LAST_VALUE(price) OVER (PARTITION BY product_id ORDER BY timestamp)
But I don't seem to find any way to do a "cumulative latest non-null value" in the window (to bound the window to the preceding rows, rather than the entire partition)
Aside from creating a table-valued user defined function, is there any builtin that would accomplish this?
UPDATE:
Apparently, this functionality is available in the 'Denali' CTP, but not in SQL Server 2008 R2.
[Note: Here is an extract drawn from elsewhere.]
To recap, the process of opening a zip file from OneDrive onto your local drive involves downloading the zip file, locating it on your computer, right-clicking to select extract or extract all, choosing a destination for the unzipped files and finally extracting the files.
LAST_VALUE http://msdn.microsoft.com/en-us/library/hh231517%28v=SQL.110%29.aspx
I just expected it to be available in SQL Server 2008. It's available in Oracle (since 10gR2 at least), and I can do something similar in MySQL 5.1, using a local variable.
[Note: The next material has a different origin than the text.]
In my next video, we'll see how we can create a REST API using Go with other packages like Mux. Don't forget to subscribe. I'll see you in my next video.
http://download.oracle.com/docs/cd/E14072_01/server.112/e10592/functions083.htm
You can try the following:
* Updated **
-- Test Data
DECLARE #YourTable TABLE(Product INT, Timestamp DATETIME, Price NUMERIC(16,4))
INSERT INTO #YourTable
SELECT 5678, '20080101 12:00:00', 12.34
UNION ALL
SELECT 5678, '20080101 12:01:00', NULL
UNION ALL
SELECT 5678, '20080101 12:02:00', NULL
UNION ALL
SELECT 5678, '20080101 12:03:00', 23.45
UNION ALL
SELECT 5678, '20080101 12:04:00', NULL
;WITH CTE AS
(
SELECT *
FROM #YourTable
)
-- Query
SELECT A.Product, A.Timestamp, ISNULL(A.Price,B.Price) Price
FROM CTE A
OUTER APPLY ( SELECT TOP 1 *
FROM CTE
WHERE Product = A.Product AND Timestamp < A.Timestamp
AND Price IS NOT NULL
ORDER BY Product, Timestamp DESC) B
--Results
Product Timestamp Price
5678 2008-01-01 12:00:00.000 12.3400
5678 2008-01-01 12:01:00.000 12.3400
5678 2008-01-01 12:02:00.000 12.3400
5678 2008-01-01 12:03:00.000 23.4500
5678 2008-01-01 12:04:00.000 23.4500
I have a table containing the following data. I want to update all nulls in salary columns with previous value without taking null value.
Table:
id name salary
1 A 4000
2 B
3 C
4 C
5 D 2000
6 E
7 E
8 F 1000
9 G 2000
10 G 3000
11 G 5000
12 G
here is the query that works for me.
select a.*,first_value(a.salary)over(partition by a.value order by a.id) as abc from
(
select *,sum(case when salary is null then 0 else 1 end)over(order by id) as value from test)a
output:
id name salary Value abc
1 A 4000 1 4000
2 B 1 4000
3 C 1 4000
4 C 1 4000
5 D 2000 2 2000
6 E 2 2000
7 E 2 2000
8 F 1000 3 1000
9 G 2000 4 2000
10 G 3000 5 3000
11 G 5000 6 5000
12 G 6 5000
Try this:
;WITH SortedData AS
(
SELECT
ProductID, TimeStamp, Price,
ROW_NUMBER() OVER(PARTITION BY ProductID ORDER BY TimeStamp DESC) AS 'RowNum'
FROM dbo.YourTable
)
UPDATE SortedData
SET Price = (SELECT TOP 1 Price
FROM SortedData sd2
WHERE sd2.RowNum > SortedData.RowNum
AND sd2.Price IS NOT NULL)
WHERE
SortedData.Price IS NULL
Basically, the CTE creates a list sorted by timestamp (descending) - the newest first. Whenever a NULL is found, the next row that contains a NOT NULL price will be found and that value is used to update the row with the NULL price.